Fragmente sind immer Teile eines ursprünglich Ganzen. Zur Rekonstruktion des Ganzen sammelt man die verstreuten Fragmente wieder zusammen, das Ganze selbst jedoch bleibt verloren. Interessant ist, dass in der Kunst Fragmente einen ästhetischen Wert an sich haben. Sie werden regelrecht zu einem Symbol für die Widersprüchlichkeit von Ganzem und Teilen. Was macht wohl den Reiz von zerfallenen oder zum Teil wiederaufgebauten Ruinen aus? In dem Wenigen, im fragmental Übriggebliebenen scheint das Ganze durch, seine ursprüngliche Funktion, seine Bestimmung. Das Fragment erinnert uns an ein früheres Ganzes, dessen Teil es einmal war.

Aus den extrahierten Fragmenten entstehen nunmehr neue Geflechte, Muster, fraktale Strukturen, die sich in ihrer Selbstähnlichkeit maximieren und spielerische Vexierfacetten anklingen lassen, nicht selten mit inkonsistenten räumlichen Effekten, die dem gesamten Gewebe dynamisches Leben einhauchen.

Die Kleinteiligkeit der Facetten führt zudem nicht selten zu einer Begünstigung farbinteraktorischer Prozesse. Dem Spiel der Farben wird dadurch eine fruchtbare Bühne bereitet.
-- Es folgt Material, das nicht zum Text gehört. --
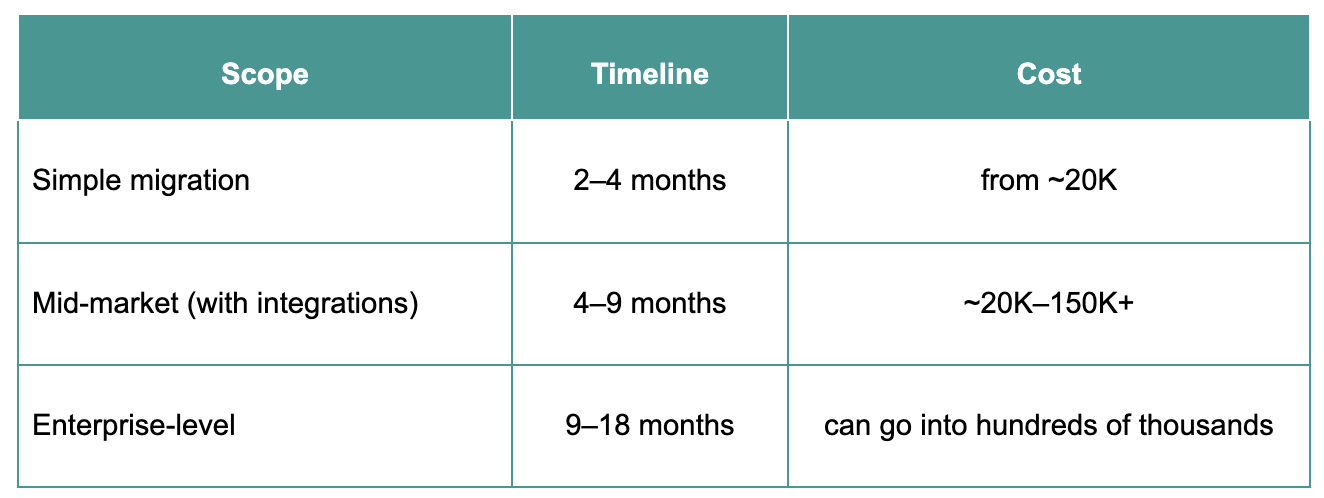 e-commerce replatforming timeline and costs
Das Werk von Begogña ist für das Publikum ein anschauliches Beispiel für die künstlerische Genese durch Interesse, Beharrlichkeit, Fleiß, Selbstkritik und kreative Adaption der künstlerischen Grundlagen. Goethe definierte Genie nicht umsonst als die Synergie von Interesse und Fleiß.
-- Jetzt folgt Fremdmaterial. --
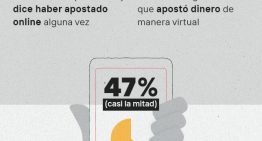 Congreso: mientras crece la cantidad de chicos que apuestan online, la ley que busca regular el juego tambalea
Eine Prüfungsausstellung bietet Begogña die Gelegenheit, ihre Werke in Auswahl dem Publikum vorzustellen und in lockerer Runde Fragen zu beantworten. Wir würden uns sehr freuen, wenn Sie sich alle an dieser Runde beteiligen würden. Im Anschluss erfolgt dann, nach kurzer Beratung des Dozentenkollegiums, die Überreichung des Abschlusszeugnisses. Vielen Dank und viel Spaß mit der Ausstellung!